Kidney damage caused by tenofovir (found in Viread, Truvada and Atripla) may not reverse itself after a year of discontinuing the drug, according to new study results published ahead of print on the website for the Journal of Acquired Immune Deficiency Syndromes (JAIDS).

As recently as the 17th Conference on Retroviruses and Opportunistic Infections, held last month in San Francisco, researchers have confirmed that tenofovir is associated with an increased risk of renal insufficiency and chronic kidney disease (CKD). According to results from the ongoing EuroSIDA study, tenofovir was associated with a 16 percent increased risk of CKD per year of exposure to the drug, even after adjusting the data for other risk factors for kidney damage, such as high blood pressure and diabetes.

The EuroSIDA and other investigators suggest that tenofovir’s negative effects on the kidneys are often reversible, usually within 12 months of stopping the drug. However, JAIDS study author Karen Wever, MD, of St. Vincent’s Hospital in New York City and her colleagues point to weaknesses in the data supporting this claim.

According to Wever’s group, three reports note that renal function rapidly normalizes after the drug is discontinued by adults with tenofovir-associated kidney toxicity. “However,” they write, “each report described only one or two patients and based their conclusions on the fact that serum creatinine”—a waste product from protein that becomes elevated in the blood if the kidneys aren’t functioning properly—“returned to normal at some time after tenofovir cessation. Serum creatinine, however, is an insensitive measure of renal function and less sensitive than estimated glomerular filtration rate (GFR).”

In fact, persistent reductions in the GFR—not increases in serum creatinine levels—is the criteria needed to diagnosis renal insufficiency and CKD. In short, GFR is a calculation of the fluid volume passing through the kidneys using measurements of serum creatinine levels, along with pertinent age, gender, body size and race data.
Wever’s group defined renal insufficiency as a GFR estimate below 90 (mL/min/1.73 m2). A diagnosis of CKD is much more conservative: A GFR less than 60 after being measured twice at least three months apart.

Using GFR estimates, Wever’s group set out to determine the reversibility of tenofovir-renal insufficiency in 24 HIV-positive men who ceased using the drug because of kidney toxicity.

Before starting tenofovir, the patients’ GFR average was 74, indicating some degree of renal insufficiency before commencing therapy with the drug. 

During therapy with tenofovir, their GFR average fell to 51. Thirteen months after stopping tenofovir, the average GFR hovered at 58. This post-tenofovir measurement, compared with the average pre-tenofovir GFR calculation, was statistically significant—too great to have occurred by chance.

Wever and her colleagues reported that only 10 (42 percent) patients reached their pre-tenofovir GFR during the 13-month follow-up period.
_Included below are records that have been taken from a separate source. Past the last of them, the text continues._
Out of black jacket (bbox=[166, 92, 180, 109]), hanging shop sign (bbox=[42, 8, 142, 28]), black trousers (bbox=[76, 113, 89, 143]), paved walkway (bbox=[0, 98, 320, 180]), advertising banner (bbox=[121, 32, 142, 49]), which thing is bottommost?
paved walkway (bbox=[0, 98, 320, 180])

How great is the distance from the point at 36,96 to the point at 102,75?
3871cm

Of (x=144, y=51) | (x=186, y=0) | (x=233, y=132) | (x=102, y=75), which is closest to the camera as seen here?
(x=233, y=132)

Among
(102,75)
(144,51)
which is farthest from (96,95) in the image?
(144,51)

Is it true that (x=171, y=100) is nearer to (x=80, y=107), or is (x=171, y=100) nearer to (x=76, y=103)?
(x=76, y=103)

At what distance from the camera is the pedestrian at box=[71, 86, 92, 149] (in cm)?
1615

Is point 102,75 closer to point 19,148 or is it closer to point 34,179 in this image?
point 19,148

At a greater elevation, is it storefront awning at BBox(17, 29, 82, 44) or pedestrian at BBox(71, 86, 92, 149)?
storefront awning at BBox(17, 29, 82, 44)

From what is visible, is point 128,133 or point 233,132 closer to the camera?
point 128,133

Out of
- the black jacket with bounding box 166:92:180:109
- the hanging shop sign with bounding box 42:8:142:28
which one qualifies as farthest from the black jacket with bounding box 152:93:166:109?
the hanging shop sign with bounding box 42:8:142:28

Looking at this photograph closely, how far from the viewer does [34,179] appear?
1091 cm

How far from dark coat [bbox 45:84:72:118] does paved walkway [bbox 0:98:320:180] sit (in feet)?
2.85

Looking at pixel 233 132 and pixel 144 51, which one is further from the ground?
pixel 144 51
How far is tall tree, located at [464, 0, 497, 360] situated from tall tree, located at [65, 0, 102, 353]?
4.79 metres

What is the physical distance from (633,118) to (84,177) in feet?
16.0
Those who experienced rapid declines in their GFRs while receiving tenofovir were the most likely to experience rapid improvements in their GFRs upon stopping treatment with the drug. “This suggests that more acute renal damage is less likely to be permanent,” the authors write.
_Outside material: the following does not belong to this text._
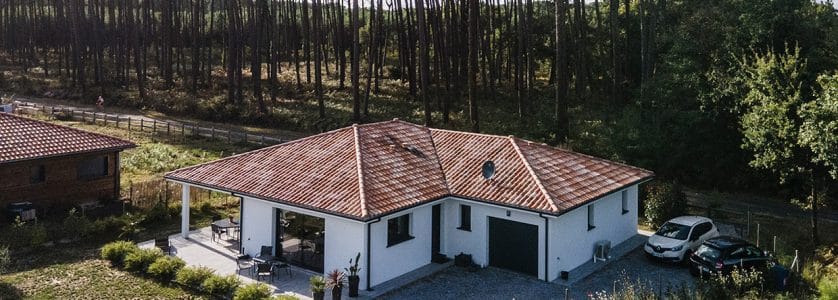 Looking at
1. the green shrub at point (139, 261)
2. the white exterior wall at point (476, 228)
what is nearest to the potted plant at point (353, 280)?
the white exterior wall at point (476, 228)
Wever’s team also found that shorter duration of tenofovir therapy was associated with the greatest GFR improvements in the study.

The use of a protease inhibitor with tenofovir, as opposed to a nucleoside reverse transcriptase inhibitor, was also associated with more rapid GFR improvements upon stopping tenofovir. Though protease inhibitors are not toxic to the kidneys, Wever’s team writes, they can increase tenofovir levels in the blood and kidneys, potentially leading to greater tenofovir toxicity. “The greater improvement of renal function in those who had received tenofovir together with a protease inhibitor might therefore be explained by withdrawal of a higher tenofovir concentration.”

In conclusion, Wever’s group writes, “improvements in renal function after tenofovir cessation is variable and incomplete, particularly in patients with more gradual decline in GFR who are not receiving a protease inhibitor.” They also suggest using a GFR below 90, as opposed to a CKD-defining GFR below 60, when determining whether to discontinue tenofovir treatment “to avoid permanent renal dysfunction.”